Document three " a kind of group of planes AMS and application management method thereof " (application number: 201010286186) proposed a kind of group of planes AMS that is applied to the large-scale cluster management.This system comprises execution engine modules and DBM, and DBM is used for storing the result that each is used in real time, and sets up monitoring form, the change information of the result of all associated application of a plurality of application of record in the said monitoring form; Carry out each application that engine modules is used for carrying out NOWs; And the result of each application write DBM in real time; Also be used for said monitoring form according to regular reading of data library module of the cycle that sets; Read behind the said monitoring form change information at every turn, judge respectively whether each trigger condition of using is satisfied, and when trigger condition satisfies, trigger application corresponding according to the result of a plurality of application of being read.The present invention also provides corresponding group of planes application management method.The present invention can reduce the database access linking number, reduces expense; Can handle various complex logic relations between application; Be convenient to management and operation more.

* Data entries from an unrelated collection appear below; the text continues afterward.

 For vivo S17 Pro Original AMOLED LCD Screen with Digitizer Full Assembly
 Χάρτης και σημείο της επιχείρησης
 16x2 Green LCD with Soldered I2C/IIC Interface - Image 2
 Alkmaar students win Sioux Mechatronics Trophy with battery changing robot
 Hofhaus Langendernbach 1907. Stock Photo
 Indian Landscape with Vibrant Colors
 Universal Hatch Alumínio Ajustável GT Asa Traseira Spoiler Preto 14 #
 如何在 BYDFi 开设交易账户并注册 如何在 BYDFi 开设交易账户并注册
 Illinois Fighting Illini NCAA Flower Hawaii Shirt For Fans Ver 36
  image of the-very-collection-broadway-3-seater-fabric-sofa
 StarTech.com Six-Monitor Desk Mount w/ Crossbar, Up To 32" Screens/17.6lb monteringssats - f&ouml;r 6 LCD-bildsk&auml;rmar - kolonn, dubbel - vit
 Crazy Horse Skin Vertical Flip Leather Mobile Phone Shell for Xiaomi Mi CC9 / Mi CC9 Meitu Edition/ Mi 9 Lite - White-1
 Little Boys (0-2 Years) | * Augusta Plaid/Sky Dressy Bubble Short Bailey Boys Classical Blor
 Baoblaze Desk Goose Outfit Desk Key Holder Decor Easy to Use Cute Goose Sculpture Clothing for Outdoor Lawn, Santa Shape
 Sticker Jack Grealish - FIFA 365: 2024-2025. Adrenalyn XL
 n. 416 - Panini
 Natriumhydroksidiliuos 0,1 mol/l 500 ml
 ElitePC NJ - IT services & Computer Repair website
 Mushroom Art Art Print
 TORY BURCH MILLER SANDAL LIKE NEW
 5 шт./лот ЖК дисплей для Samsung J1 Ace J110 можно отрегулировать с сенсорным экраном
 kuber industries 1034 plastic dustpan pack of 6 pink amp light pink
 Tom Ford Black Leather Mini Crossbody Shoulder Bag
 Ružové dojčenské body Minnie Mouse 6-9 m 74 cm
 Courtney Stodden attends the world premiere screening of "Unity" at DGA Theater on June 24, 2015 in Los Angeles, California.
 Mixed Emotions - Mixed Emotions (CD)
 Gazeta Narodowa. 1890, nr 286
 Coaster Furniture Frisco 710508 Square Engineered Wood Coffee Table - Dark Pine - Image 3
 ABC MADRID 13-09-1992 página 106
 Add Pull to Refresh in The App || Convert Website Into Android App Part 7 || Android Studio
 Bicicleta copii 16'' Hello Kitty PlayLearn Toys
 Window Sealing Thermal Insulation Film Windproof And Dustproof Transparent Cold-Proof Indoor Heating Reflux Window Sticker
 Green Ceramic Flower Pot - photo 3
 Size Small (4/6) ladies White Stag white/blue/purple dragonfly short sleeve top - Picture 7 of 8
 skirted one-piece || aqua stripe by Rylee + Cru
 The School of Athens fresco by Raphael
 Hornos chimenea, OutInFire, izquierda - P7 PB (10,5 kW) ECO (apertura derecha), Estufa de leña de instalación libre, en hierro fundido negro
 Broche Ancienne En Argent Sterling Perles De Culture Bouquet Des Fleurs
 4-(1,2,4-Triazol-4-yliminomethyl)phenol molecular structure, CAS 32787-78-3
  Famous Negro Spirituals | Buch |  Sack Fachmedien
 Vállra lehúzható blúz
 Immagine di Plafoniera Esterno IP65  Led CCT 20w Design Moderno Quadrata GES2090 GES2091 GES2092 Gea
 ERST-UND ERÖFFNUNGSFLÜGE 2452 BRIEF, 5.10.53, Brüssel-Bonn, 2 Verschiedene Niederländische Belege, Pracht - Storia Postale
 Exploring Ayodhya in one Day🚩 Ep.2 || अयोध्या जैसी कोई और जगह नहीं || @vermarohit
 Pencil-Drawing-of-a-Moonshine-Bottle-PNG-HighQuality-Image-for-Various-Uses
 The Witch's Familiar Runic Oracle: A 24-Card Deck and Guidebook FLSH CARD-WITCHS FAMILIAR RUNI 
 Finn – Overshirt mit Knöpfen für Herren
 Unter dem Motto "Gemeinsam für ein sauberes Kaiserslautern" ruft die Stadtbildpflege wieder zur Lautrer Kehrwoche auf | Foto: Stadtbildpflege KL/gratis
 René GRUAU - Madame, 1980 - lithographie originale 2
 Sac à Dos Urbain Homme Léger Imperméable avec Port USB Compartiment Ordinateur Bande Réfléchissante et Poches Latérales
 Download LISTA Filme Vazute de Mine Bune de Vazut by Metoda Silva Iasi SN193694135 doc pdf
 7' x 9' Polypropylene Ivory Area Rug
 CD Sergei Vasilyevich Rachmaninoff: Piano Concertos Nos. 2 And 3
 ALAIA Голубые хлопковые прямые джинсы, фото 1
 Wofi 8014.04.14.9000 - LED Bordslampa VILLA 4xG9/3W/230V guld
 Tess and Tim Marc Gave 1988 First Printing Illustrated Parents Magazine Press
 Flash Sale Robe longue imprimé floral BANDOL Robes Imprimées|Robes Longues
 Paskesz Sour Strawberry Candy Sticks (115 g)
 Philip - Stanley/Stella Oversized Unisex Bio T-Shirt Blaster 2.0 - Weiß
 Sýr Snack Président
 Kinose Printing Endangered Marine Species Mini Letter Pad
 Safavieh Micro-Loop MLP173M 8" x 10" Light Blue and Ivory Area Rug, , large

More than in three kinds of methods; Document one does not consider that electric power system Distributed Calculation management platform is in the influence of the emergency case of running (like the variation of calculating scale, the operation exception of cluster nodes) to system; The division of a group of planes is only according to the difference of data source; And the computing function of cluster nodes is just fixing when original allocation, in computational process, according to computing function the changes in demand of node resource is not adjusted automatically, and computational resource can't be fully used; Document two and document three are not considered the concurrent scheduling relation between electric power system parallel computation different application function, can't solve the variability issues of calculation requirement, Data Source and computational process of the various computing function of electric power system.Therefore above-mentioned three kinds of methods all do not have well to solve the problem of electric power system Distributed Calculation management platform cluster management, and the computational resource of cluster nodes can't be utilized.

Summary of the invention

Technical problem to be solved by this invention is; Overcome the limitation of prior art; Consider calculation features, work period and the consequent demand that computational resource is constantly changed of various computing function, the self-adapting regulation method of parallel computer group differentiated control available in a kind of electric power system is provided.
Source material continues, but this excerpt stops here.